++++ Data records ++++
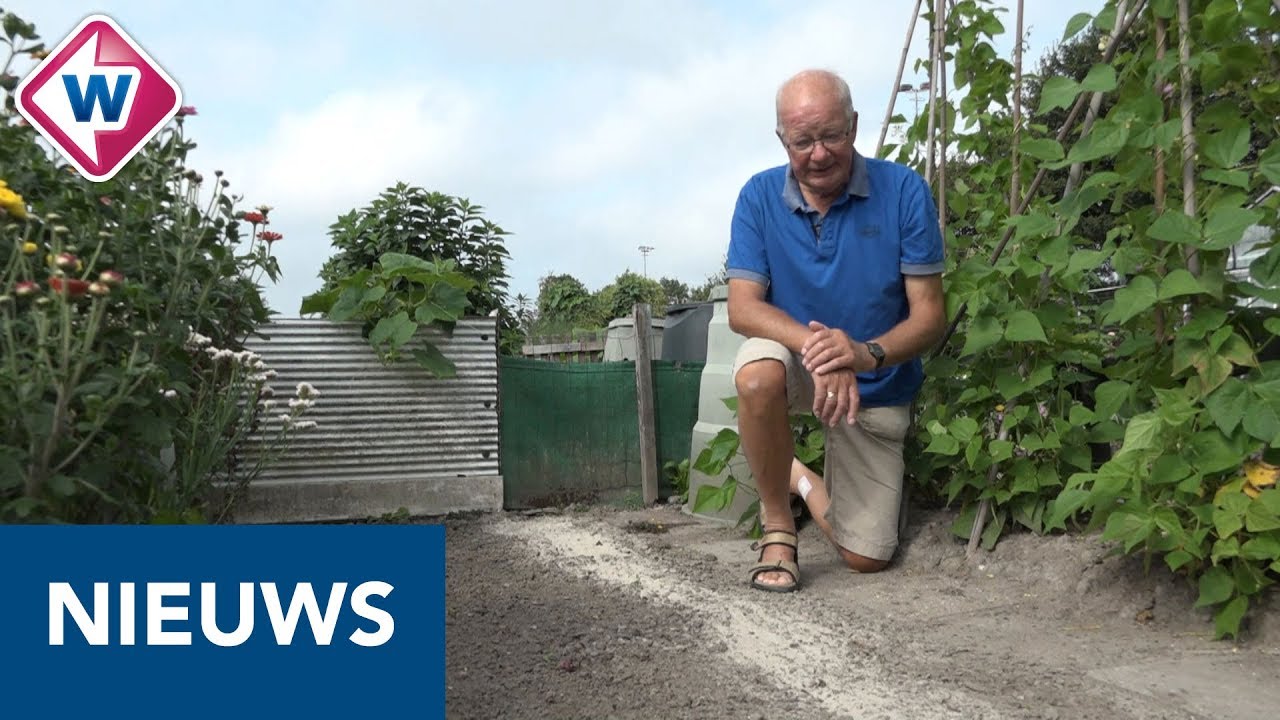 Groente en fruit gestolen uit volkstuin - OMROEP WEST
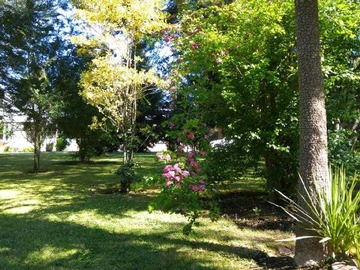Imagen 5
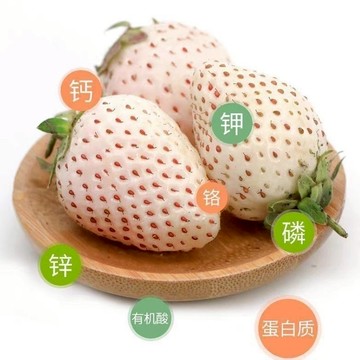 【台灣現貨】奶油白草莓種子｜稀有淡黃果實 蜜桃香氣｜陽台盆栽庭院可種 香甜可口 新手易種 #水果種籽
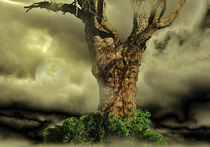 Tree Dream by CHRISTINE LAKE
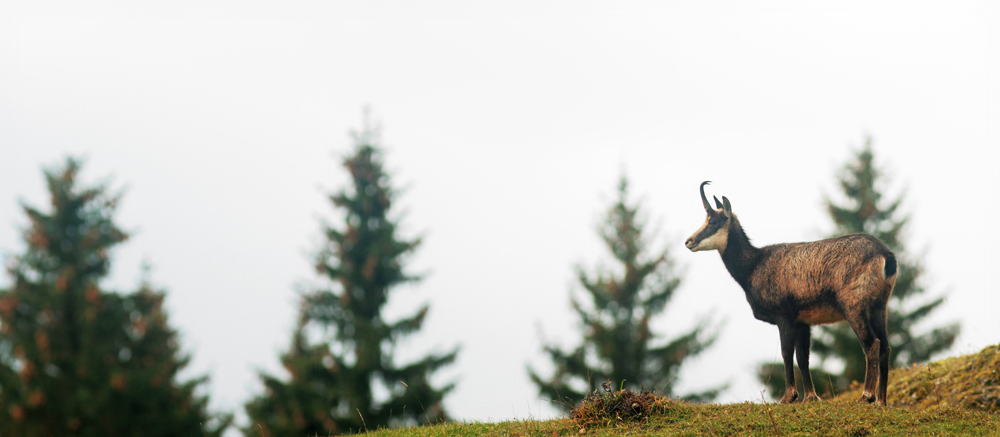 panoramique chamois jura julien arbez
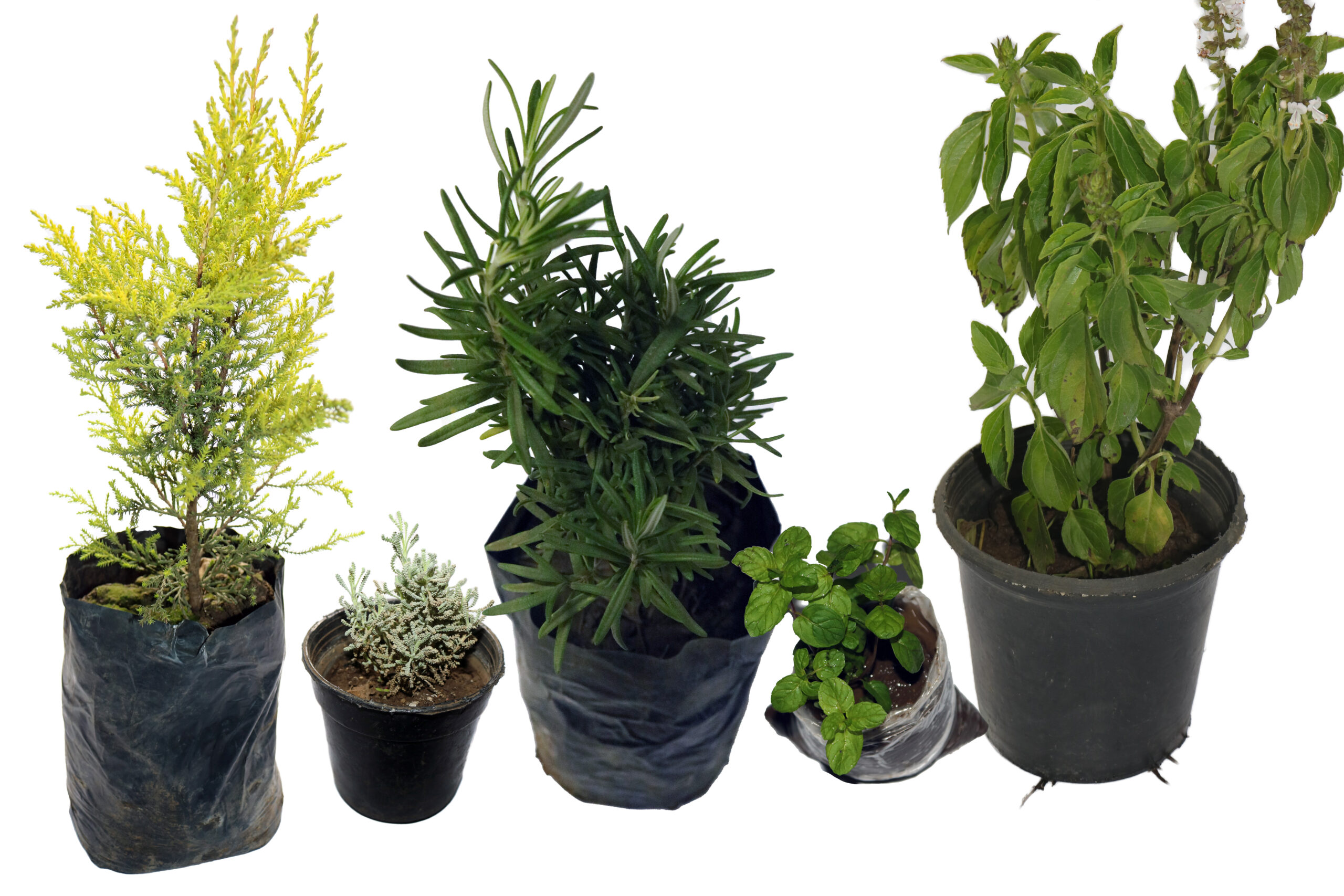 مجموعة 5 نباتات طاردة للحشرات والزواحف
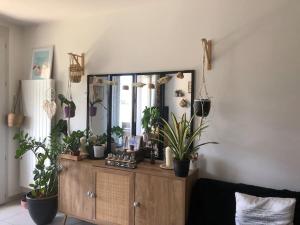 un miroir au-dessus d'une commode en bois avec des plantes dans l'établissement Appartement avec jardin et terrasse couverte, à Voreppe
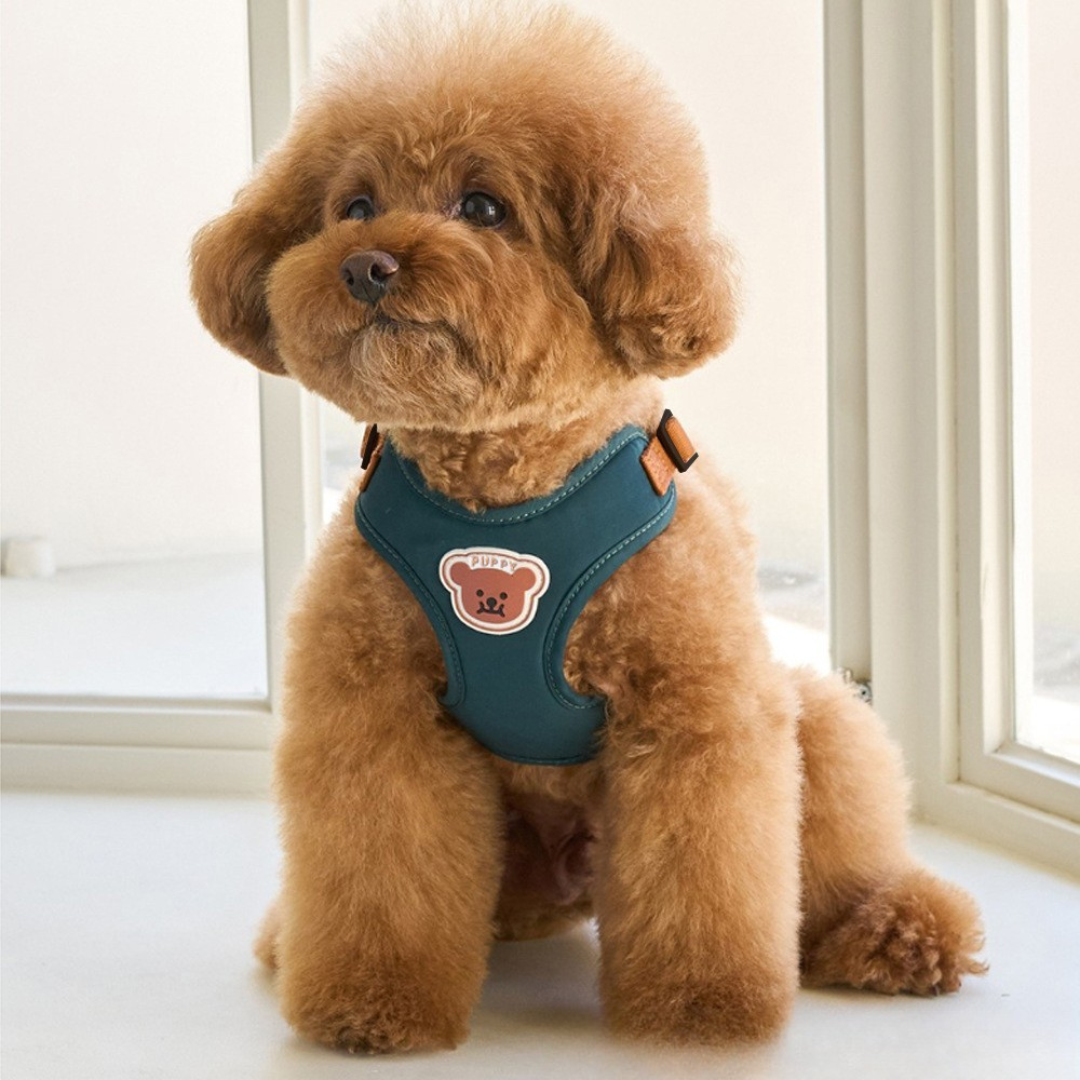 Laisse et harnais pour chien moyen — confort et sécurité pour petites promenades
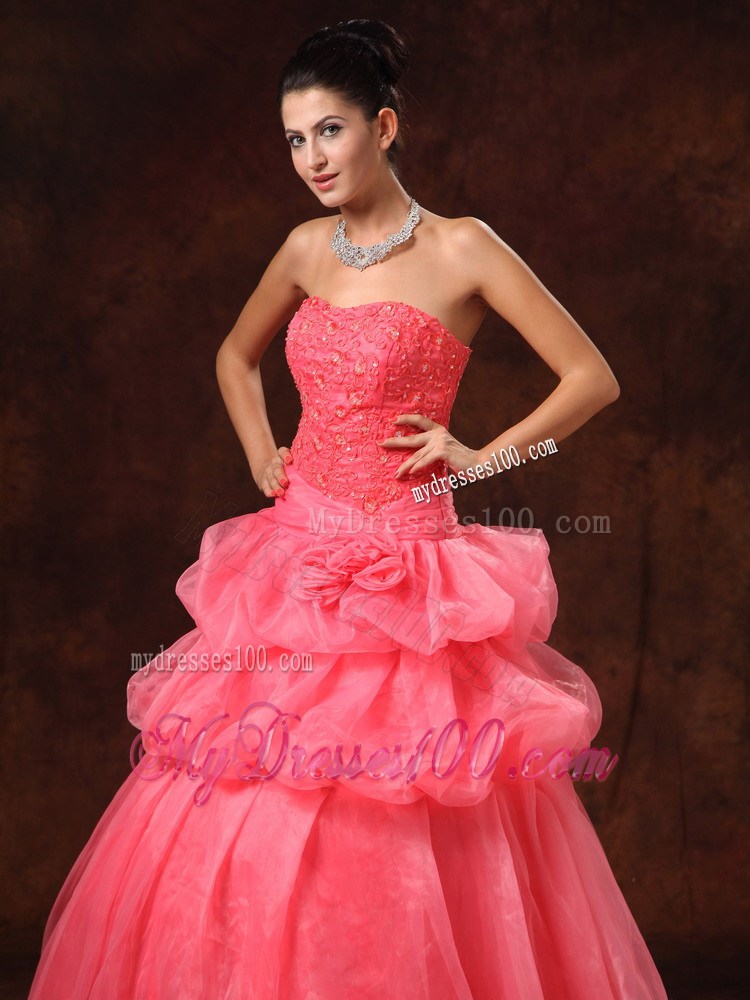 Watermelon Hand Flowers And Appliques Evening Dress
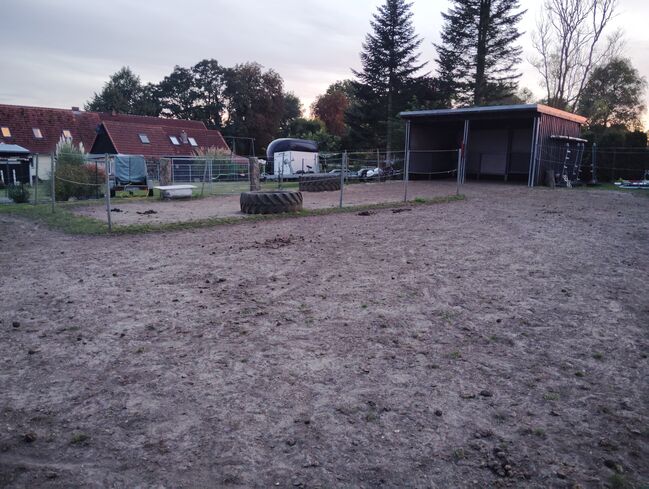 1 Offenstallplatz frei, Nicole , Horses For Sale, Dassow , Image 2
++++
What to produce — Skip the pictures, then return the rest of the data exactly.

Task solution —
 Groente en fruit gestolen uit volkstuin - OMROEP WEST
Imagen 5
 【台灣現貨】奶油白草莓種子｜稀有淡黃果實 蜜桃香氣｜陽台盆栽庭院可種 香甜可口 新手易種 #水果種籽
 Tree Dream by CHRISTINE LAKE
 panoramique chamois jura julien arbez
 مجموعة 5 نباتات طاردة للحشرات والزواحف
 un miroir au-dessus d'une commode en bois avec des plantes dans l'établissement Appartement avec jardin et terrasse couverte, à Voreppe
 Laisse et harnais pour chien moyen — confort et sécurité pour petites promenades
 Watermelon Hand Flowers And Appliques Evening Dress
 1 Offenstallplatz frei, Nicole , Horses For Sale, Dassow , Image 2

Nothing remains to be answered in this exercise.